I wound up in tears last night because of writing. I just *can't* do it. And of course, that hurts.

Making bread, making mistakes. It's lovely that you are giving yourself permission. Either way. :)
19th-Aug-2011 05:08 pm (UTC)
Yay Phoe!

Have you seen this Ira Glass quote?

" Nobody tells this to people who are beginners, I wish someone told me. All of us who do creative work, we get into it because we have good taste.

But there is this gap.

For the first couple years you make stuff, it’s just not that good. It’s trying to be good, it has potential, but it’s not. But your taste, the thing that got you into the game, is still killer. And your taste is why your work disappoints you.

A lot of people never get past this phase, they quit.
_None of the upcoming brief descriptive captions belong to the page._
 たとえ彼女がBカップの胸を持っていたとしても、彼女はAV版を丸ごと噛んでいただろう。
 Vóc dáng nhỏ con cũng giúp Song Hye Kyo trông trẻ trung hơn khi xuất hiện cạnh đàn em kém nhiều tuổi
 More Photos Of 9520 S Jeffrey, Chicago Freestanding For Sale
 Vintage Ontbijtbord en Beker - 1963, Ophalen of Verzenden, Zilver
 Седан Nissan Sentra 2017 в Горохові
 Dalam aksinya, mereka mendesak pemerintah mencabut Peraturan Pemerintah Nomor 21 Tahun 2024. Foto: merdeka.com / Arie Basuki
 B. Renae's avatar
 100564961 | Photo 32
Most people I know who do interesting, creative work went through years of this. We know our work doesn’t have this special thing that we want it to have. We all go through this. And if you are just starting out or you are still in this phase, you gotta know its normal and the most important thing you can do is do a lot of work. Put yourself on a deadline so that every week you will finish one story.

It is only by going through a volume of work that you will close that gap, and your work will be as good as your ambitions. And I took longer to figure out how to do this than anyone I’ve ever met. It’s gonna take awhile. It’s normal to take awhile. You’ve just gotta fight your way through."
4th-Nov-2011 01:52 pm (UTC)
I have. I believe I have that pinned so I can read it every time I need the reminder. :)
15th-Aug-2011 09:04 pm (UTC)
What did happen to the other two points? Were they eaten by bears?
19th-Aug-2011 05:08 pm (UTC)
Gators, actually.
21st-Aug-2011 08:47 am (UTC)
Ah. A southern, rather than biblical, thing, then. :)
17th-Aug-2011 02:33 am (UTC)
Good for you! :)
18th-Aug-2011 02:54 am (UTC)
Baking bread is hugely satisfying once one gets over the fear of failure.

And- sometimes it fails... but the rest of the time? it's GLORIOUS!